Read on for our full A Ghost Story review.

After waking from the dead, this ghost walks slowly back to his house, waiting for his wife to return to the empty home. In one lengthy, inexplicably mesmerizing sequence shortly after his return, Mara finds a pie left by a friend as a token of her condolences. Seemingly just returning from the funeral, she unwraps the pie, and begins to eat it. And then she eats some more. After a few minutes, she’s still eating it, sitting on the kitchen floor, tears streaming down her face. All the while, Affleck’s ghost stands at a distance, watching it all unfold, the sound of the fork hitting the pie pan and the sniffles of Mara offering are almost booming as everything else is deadly silent.

If you already think this sounds boring, then this movie might not be for you.

The movie isn’t so much of a supernatural drama as it is an observation of life after death.

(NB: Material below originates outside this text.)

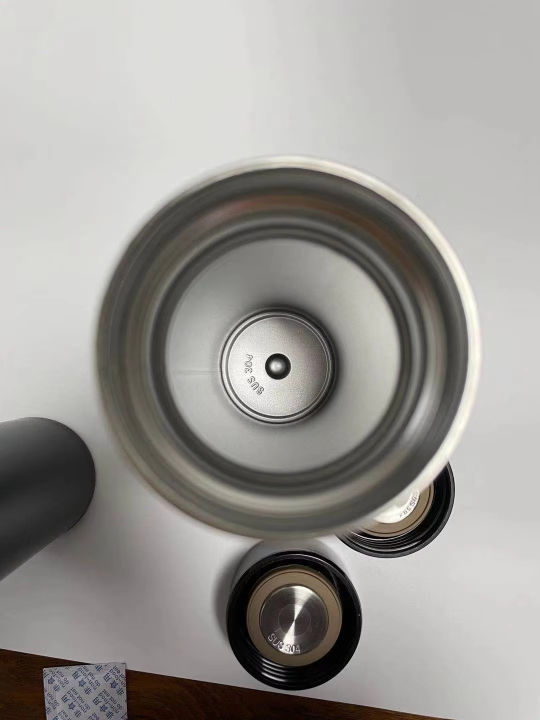 BO%20500ml%20Stainless%20Steel%20Smart%20Vacuum%20Thermos%20Cup%20Flask%20with%20LED%20Temperature%20Display%20Lid%20Custom%20Logo%20Smart%20Thermal%20Vacuum%20Cup%20-%20Image%205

Entrancing static shots and hypnotizing slow pans throughout the house follow Affleck, always immersed in the sheet, as he wanders from one room to the next. The film itself is made all the more quaint because it was shot in the full frame, 1.33:1, aspect ratio, complete with vignette corners.

As Affleck’s meandering through the house continues, he also ends up meandering through time as the world soldiers onward around him. For example, Mara’s character brings a man home and eventually moves out of the house, leaving a Hispanic family to move in. Throughout these jumps in the narrative (which is far from traditional), the ghost’s frustration grows, occasionally showing his presence by knocking books off a shelf, surging the electricity, or scaring the hell out of that Hispanic family by throwing their dishes around the kitchen. All of this is done in such a quiet, eerie fashion, almost voyeuristic in nature.

A Ghost Story Review

From this point on, it’s best to not explain much more about the story, because the patience required for this movie pays off as the scope of the narrative expands magnificently beyond just this single ghost and the house he inhabits. This is about everyone and everything that has ever existed. A Ghost Story is David Lowery’s rumination of mortality, legacy and time. As the ghost lingers in this house, the beauty of Lowery’s film becomes more evident, charged by a haunting score from Daniel Hart, which even features Casey Affleck doing a rendition of the artist’s track “I Get Overwhelmed,” but not while he’s in the sheet as a ghost.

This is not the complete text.